• _DATA FOR ANALYSIS_:

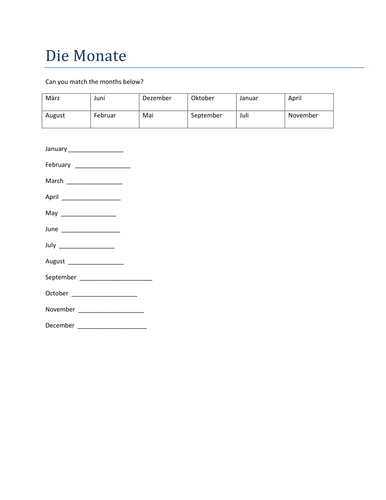 Die Monate Match Up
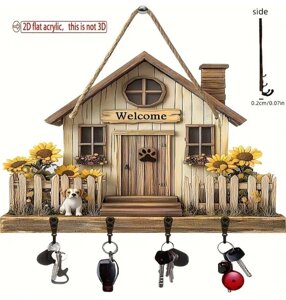 Навісний органайзер для ключів на 4 гачки 20х25 см, ключниця настінна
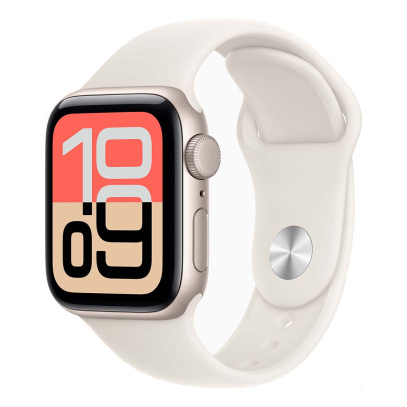 Apple Watch SE 3 (2025), 40 мм корпус из алюминия цвета «Starlight», ремешок Sport Band размера S/M цвета «Starlight» Apple Watch SE 3 (2025), 40 мм корпус из алюминия цвета «Starlight», ремешок Sport Band размера S/M цвета «Starlight»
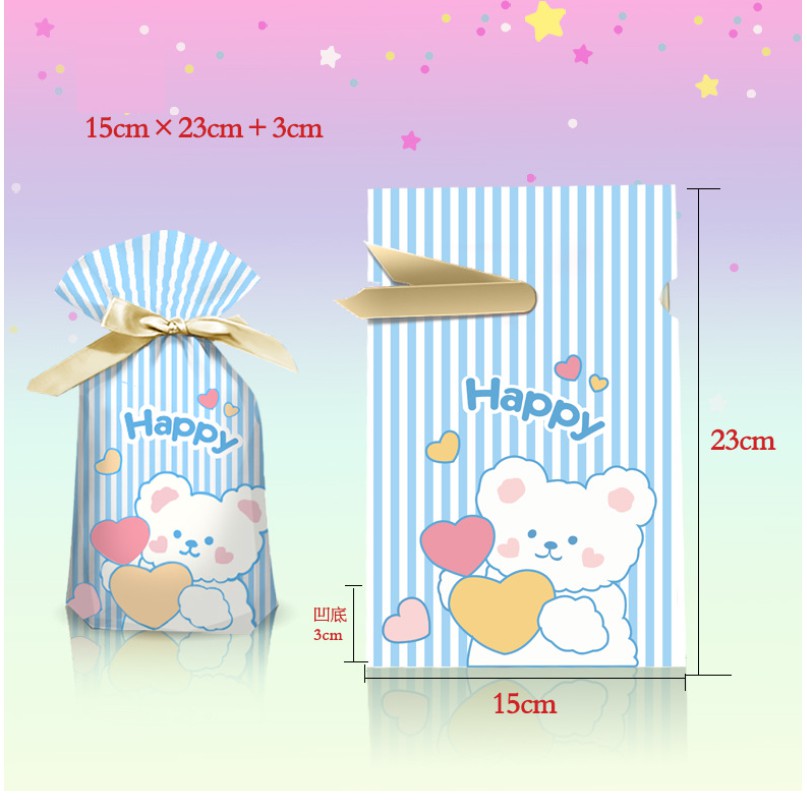 Túi Rút Nơ Đựng Bánh Kẹo, Bánh Dứa (50 cái)-Bé trai, bé gái,gấu , gấu mèo thỏ cute ,túi rút noel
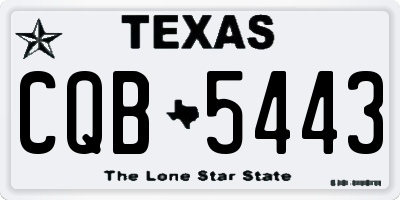 TX license plate CQB5443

• _YOUR TASK_: After locating the line containing "Навісний органайзер для" in the entries above, return it and every line after it exactly, ending at the line containing "Túi Rút Nơ Đựng", without pictures.

• _RESPONSE BOX_:
 Навісний органайзер для ключів на 4 гачки 20х25 см, ключниця настінна
 Apple Watch SE 3 (2025), 40 мм корпус из алюминия цвета «Starlight», ремешок Sport Band размера S/M цвета «Starlight» Apple Watch SE 3 (2025), 40 мм корпус из алюминия цвета «Starlight», ремешок Sport Band размера S/M цвета «Starlight»
 Túi Rút Nơ Đựng Bánh Kẹo, Bánh Dứa (50 cái)-Bé trai, bé gái,gấu , gấu mèo thỏ cute ,túi rút noel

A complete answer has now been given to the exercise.